__What needs to be done__
All records below must be reproduced exactly, although any pictures they contain are to be omitted.

__Provided entries__
:::::

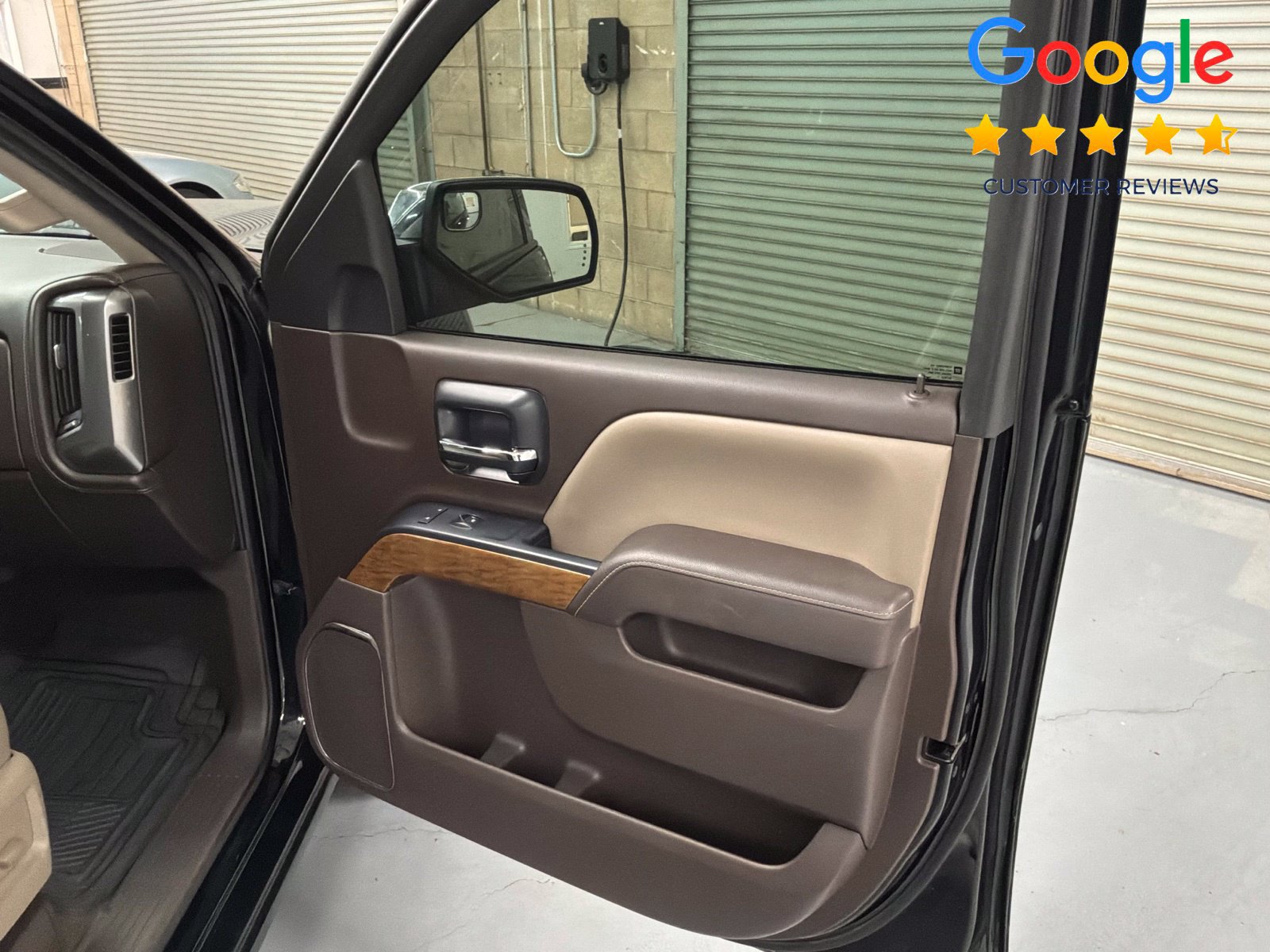 Used 2014 Chevrolet Silverado 1500 LTZ w/ Driver Alert Package RWD image 14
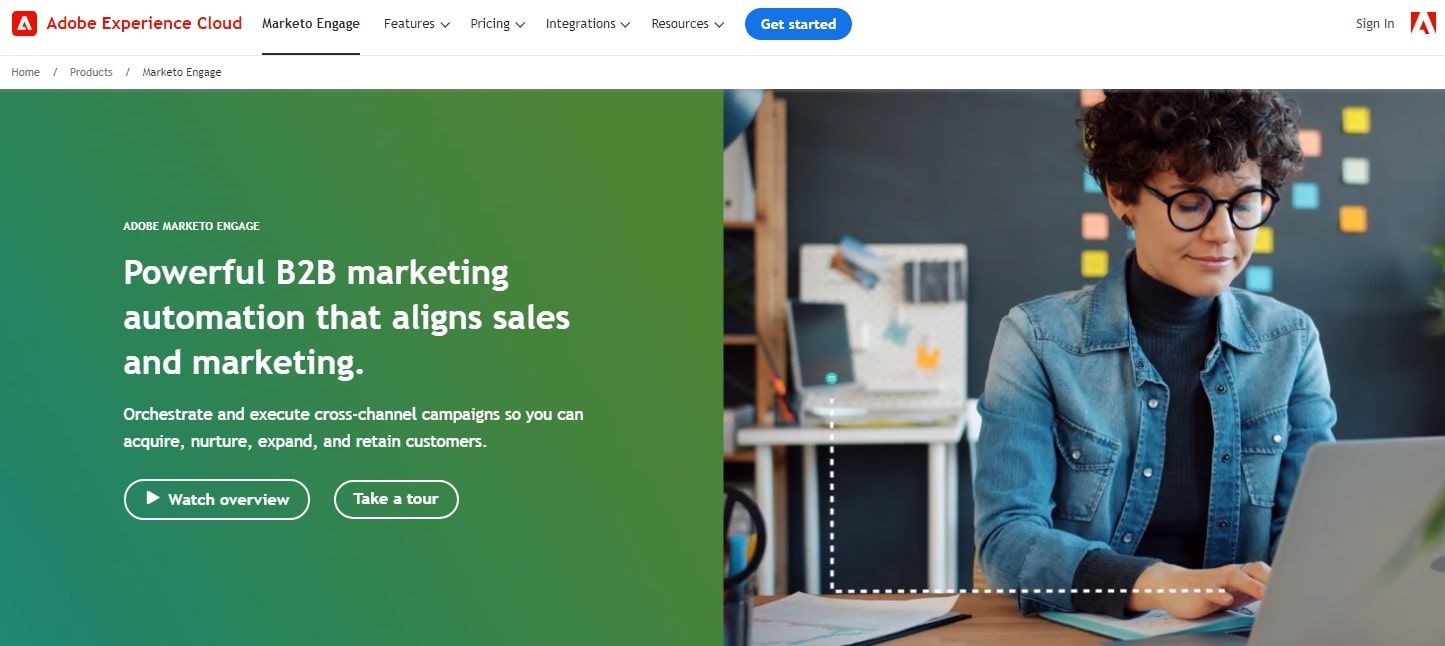 Best Marketing Analytics Tools and Software - 10011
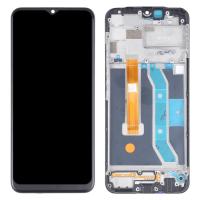 TOUCH SCREEN DISPLAY PER REALME C11 2020 CON FRAME NERO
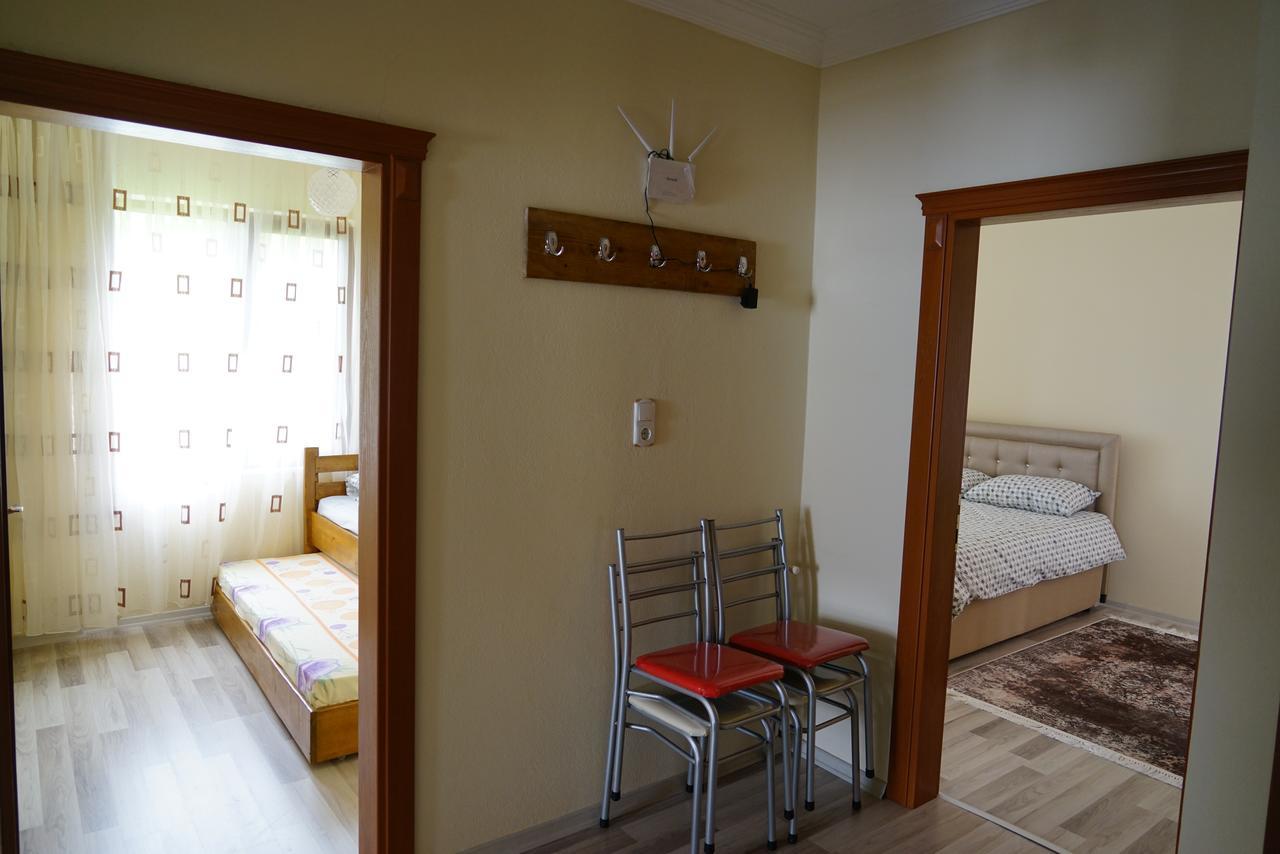 Gumul Pansiyon Uzungöl Exteriér fotografie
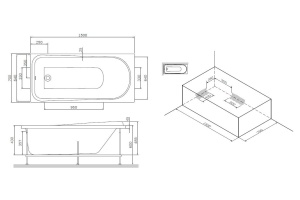 Экран AM.PM Like 150 - 3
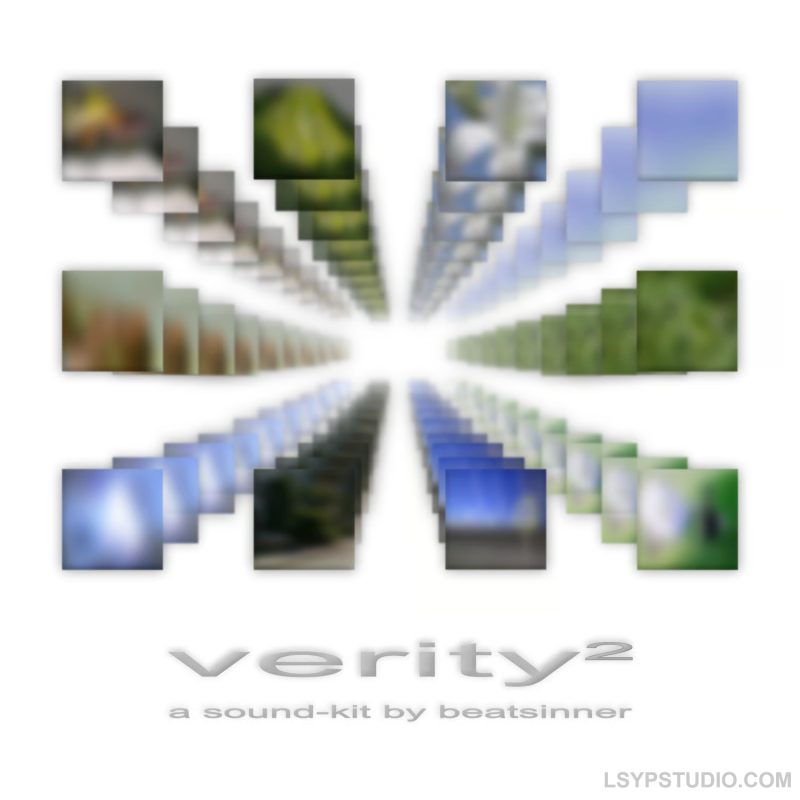 Beatsinner Verity² (sound-kit) MULTiFORMAT-FANTASTiC-乐声音频-资源网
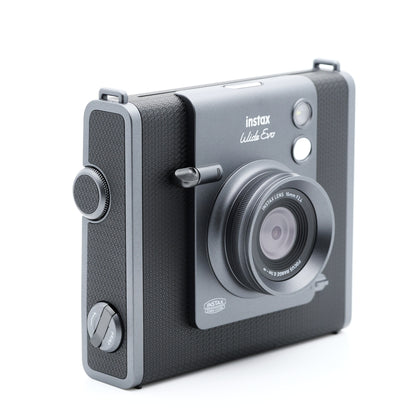 FUJIFILM instax Wide Evo インスタントカメラ 富士フイルム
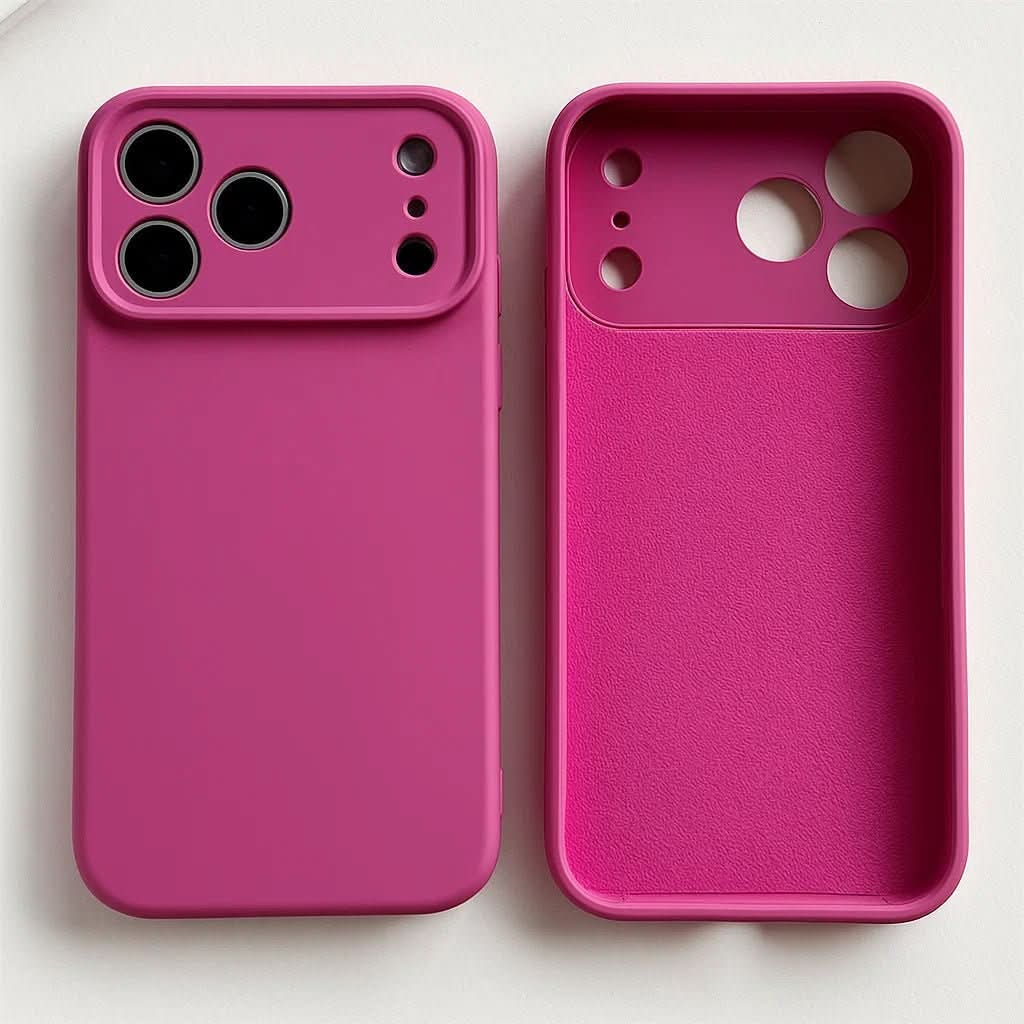 iPhone Hoes Schokbestendig TPU Slank Ontwerp 16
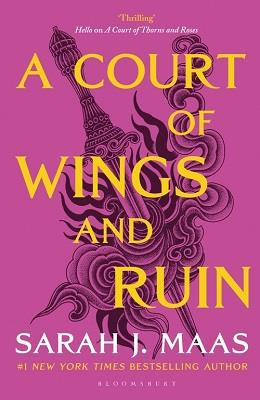 Emprunter A COURT OF WINGS AND RUIN livre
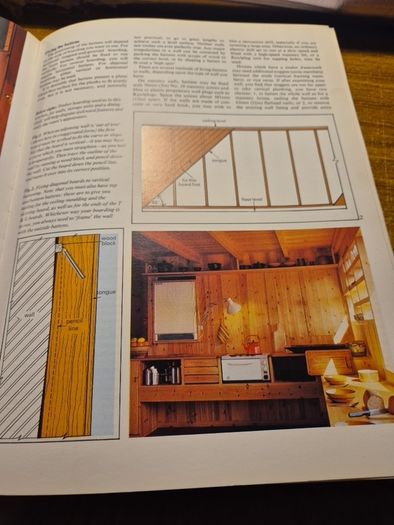 Vintage 1982 Do it Yourself Golden Homes Compendium Marshall Cavendish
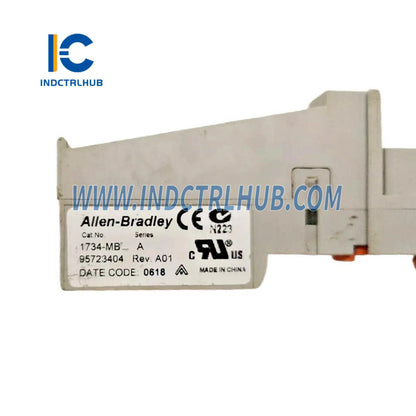 ALLEN BRADLEY 1734-MBA MONTÁŽNA ZÁKLADŇA POINT I/O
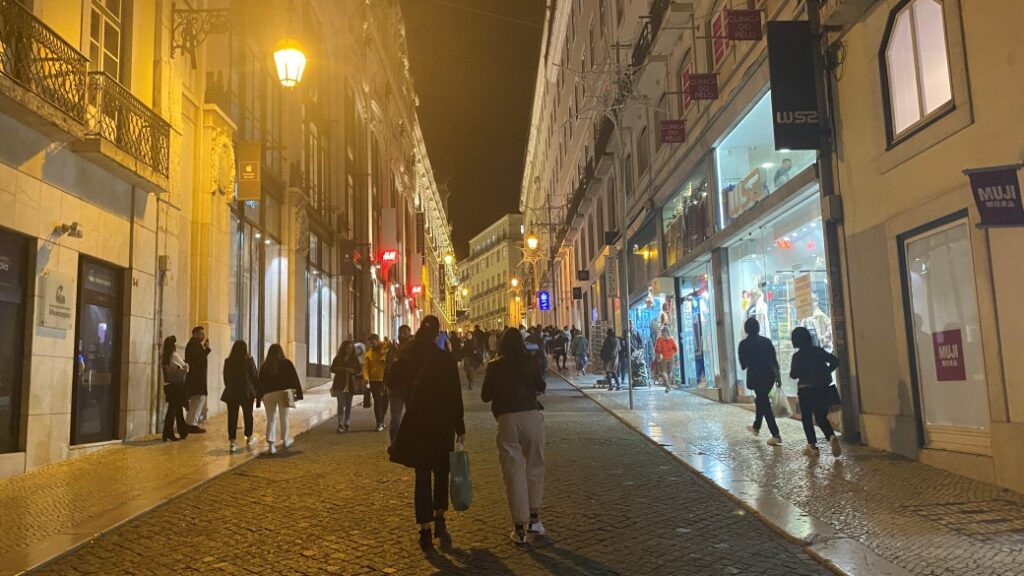 Bairro Alto’da konaklama
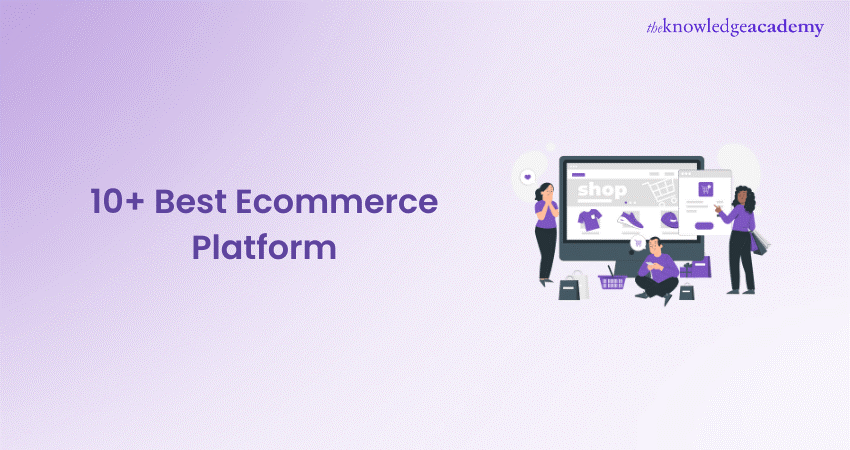 10+ Best Ecommerce Platform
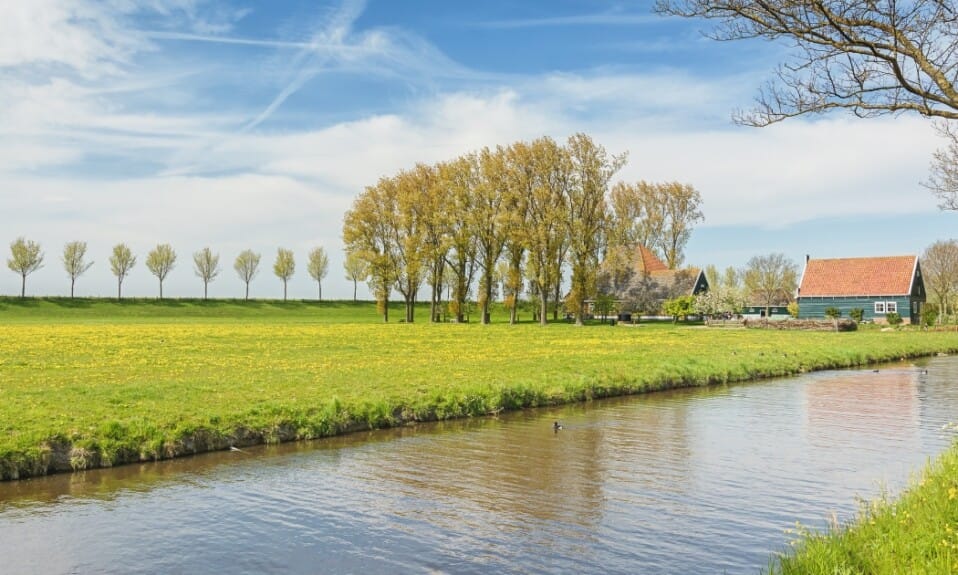 De Beemster: Een Nederlands Meesterwerk van Watermanagement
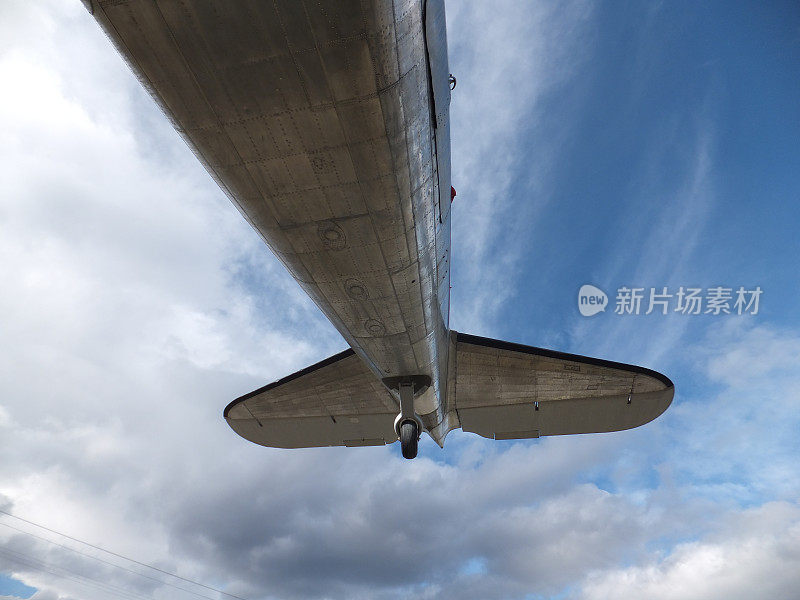 DC-3尾分队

:::::

__Solution__
 Used 2014 Chevrolet Silverado 1500 LTZ w/ Driver Alert Package RWD image 14
 Best Marketing Analytics Tools and Software - 10011
 TOUCH SCREEN DISPLAY PER REALME C11 2020 CON FRAME NERO
 Gumul Pansiyon Uzungöl Exteriér fotografie
 Экран AM.PM Like 150 - 3
 Beatsinner Verity² (sound-kit) MULTiFORMAT-FANTASTiC-乐声音频-资源网
 FUJIFILM instax Wide Evo インスタントカメラ 富士フイルム
 iPhone Hoes Schokbestendig TPU Slank Ontwerp 16
 Emprunter A COURT OF WINGS AND RUIN livre
 Vintage 1982 Do it Yourself Golden Homes Compendium Marshall Cavendish
 ALLEN BRADLEY 1734-MBA MONTÁŽNA ZÁKLADŇA POINT I/O
 Bairro Alto’da konaklama
 10+ Best Ecommerce Platform
 De Beemster: Een Nederlands Meesterwerk van Watermanagement
 DC-3尾分队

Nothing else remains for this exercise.